В «Ливерпуле» было пять этажей. В первом помещался трактир, вернее, кабак; в этом же этаже ютился и собственник гостиницы в двух просторных комнатах, так называемых номерах. «Ближе к стойке ходит во время запоя», – говорили местные остряки, ибо Иван Федосеич действительно страдал запоем и таким, что эпико-драматический этот запой, быть может, и составлял главную изумительность этого необыкновенного человека.

Второй этаж сдавался под концерты и любительские спектакли, он был самый роскошный во всем здании. В третьем этаже помещался клуб. Четвертый и пятый были номерами.
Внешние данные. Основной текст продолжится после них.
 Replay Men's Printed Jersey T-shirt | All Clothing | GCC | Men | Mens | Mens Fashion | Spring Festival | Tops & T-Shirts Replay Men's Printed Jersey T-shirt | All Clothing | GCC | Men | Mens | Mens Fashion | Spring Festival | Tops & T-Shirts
Они также как бы составляли отдельные провинции, находившиеся в ведении двух сыновей Ивана Федосеича – погодков; одного звали Петром, другого – Павлом; отец так нарочно их назвал, чтобы иметь возможность всю жизнь потом время от времени, именно в период запоя, говорить богохульные остроты. Дочерей не было, вернее, «были, да все вышли», как говорил Иван Федосеич: одна померла еще в младенчестве, другую нечаянно застрелил некий пьяный охотник, третья сбежала и пропадала неизвестно где.
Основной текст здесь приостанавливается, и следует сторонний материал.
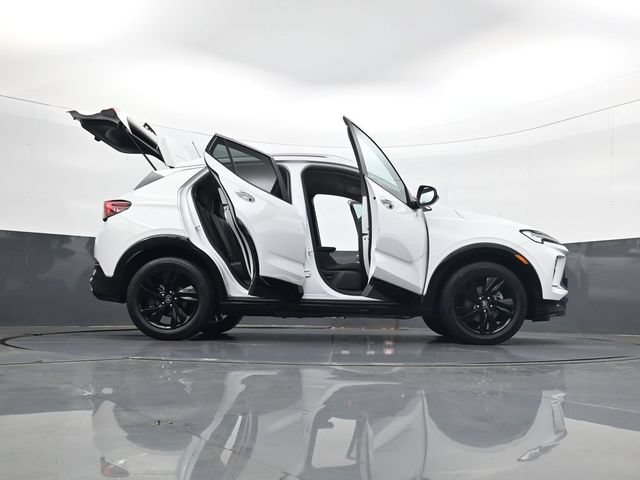 2024 Buick Encore GX Sport Touring - Photo 33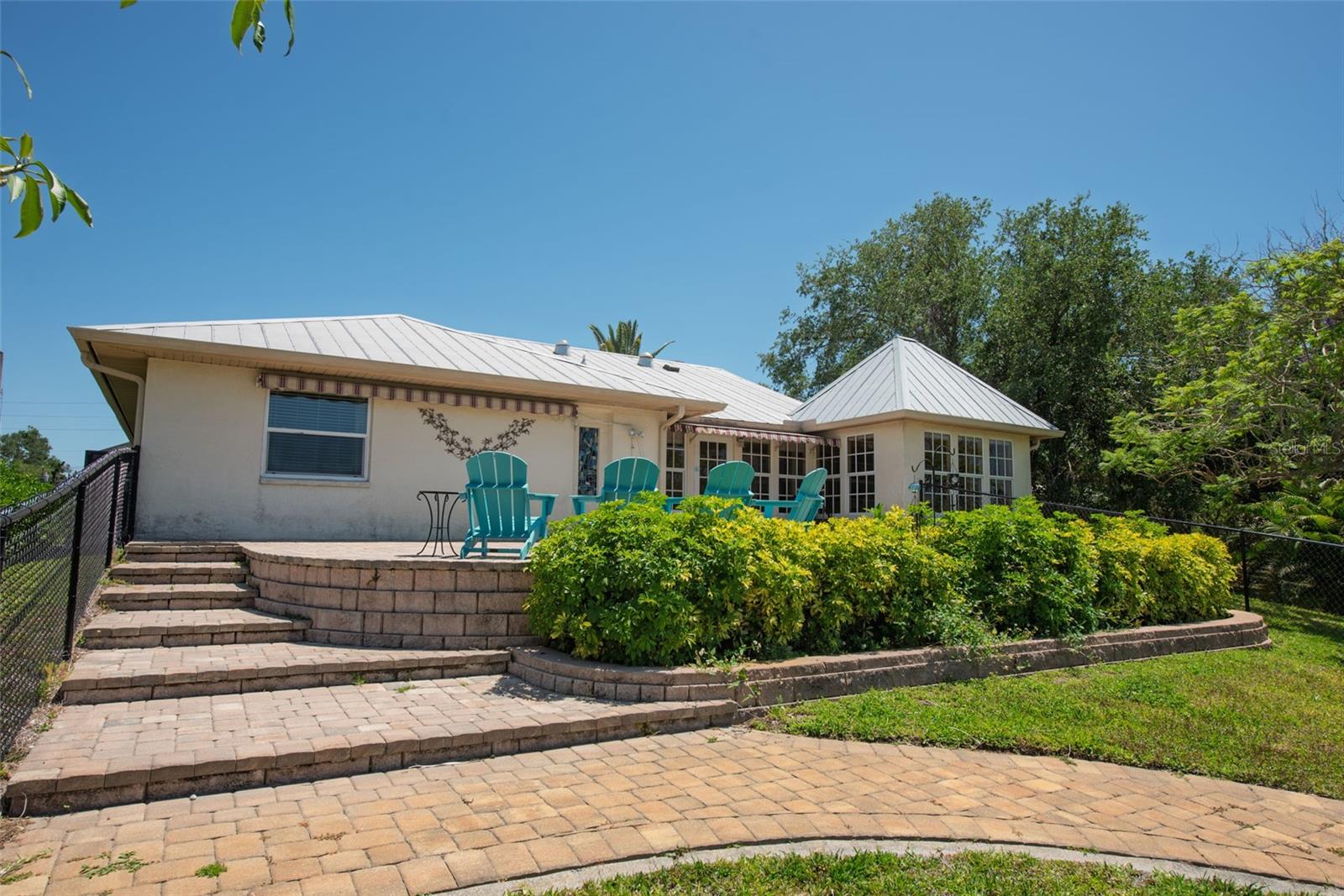 Image 16 of 88 For 880 Lemon Bay Drive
Иван Федосеич был человек грузный и безмолвный. Образования он не получил никакого, но любил читать Библию и со зловещей неожиданностью вставлял иногда в полупьяный разговор меткую цитату оттуда, а когда находился в бессознательности, любил декламировать наизусть стихи Пушкина, Лермонтова и Державина. «В природе четыре естества, – говаривал он, – а у нас, на Руси, четыре стихотворца. Ломоносов есть земля, без него быть мы не можем, Державин – вода, так журчит, словно как водопад. Пушкин – воздух, ветреник был. Лермонтов – огонь, не пишет, а прямо жжет стихом». Этот перечень я услышал из собственных уст Ивана Федосеича, когда я однажды шел к его сыну Павлу, а он затащил меня к себе в комнату и угощал меня водкой и беседой. Водки я не пил. В те дни я испытывал болезненное отвращение к этому напитку и испытывал глубокое презрение, смешанное со страхом, ко всем, кто себя одурманивает вином.
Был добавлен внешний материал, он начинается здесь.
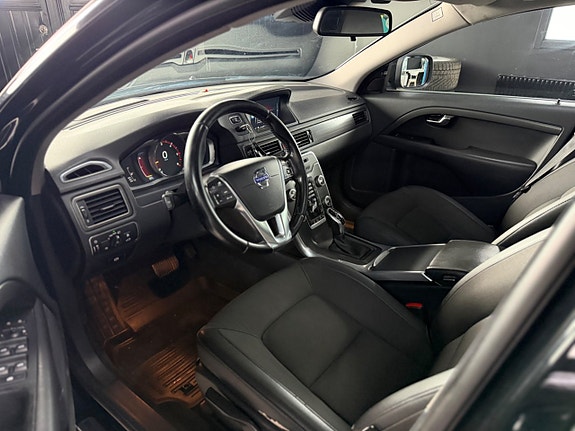 Volvo XC70 6 of 13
– Вы вот, молодой человек, – говорил мне Иван Федосеич, – говорят, литератором быть собираетесь. Так как же вы водочки не изволите откушать? Литераторы все пьяницы. Кто пишет, тот должен пить. Потому как он тогда в двойное зеркало все видит. Вы не смейтесь! Я ведь это не про то говорю, что иной раз, когда перехватишь, так двоится в глазах. Нет, это уж последнее дело. За этим черти пойдут и насекомые. Тут уж бросать нужно пить-то. Нет, я это вот про что. Сидишь это, сидишь весь день у окна и за стойкой, видишь людей, много их видишь, но все по-наружному. Примечаешь, однако, за ними и то и другое. И вот начинаешь во внутренность их заглядывать. И как это начнется, на водку потянет. Выпьешь – хорошо. Выпьешь еще – и человек как на ладони. Все видишь. Что думают, чего боятся, кто у кого что украл, кто кому как завидует, кто на что готовится, все, все. Как в святцах определю. Так вот, значит, и вам будет это пользительно. Человеческую натуру определять. Позволите? Эдемский напиток. Соизвольте откушать, Василий Митрич. Не угодно? Ну, не принуждаю. Душа человеческая вольной должна быть. А мне, мальчик, – он обращался к повару Прошке, – принеси еще вина, но не разбавляй водою трезвой.

Прошка, – собственно, не повар, а поваренок – был наперсником Ивана Федосеича. Он приносил по приказанию своего господина несчетное количество бутылок водки и сладких вин – в провинции любят эту гадость, – и разглагольствующий владыка «Ливерпуля» постепенно превращался в одержимого. Он ходил во время запоя в одном нижнем белье, будь то лето или зима, выходил в этом легком костюме на крыльцо гостиницы, спокойно и с большим даже вызовом смотрел на проходящих и проезжающих, а если случался базарный день, он показывал на мужиков, толпившихся на площади и декламировал стихотворение «Чернь».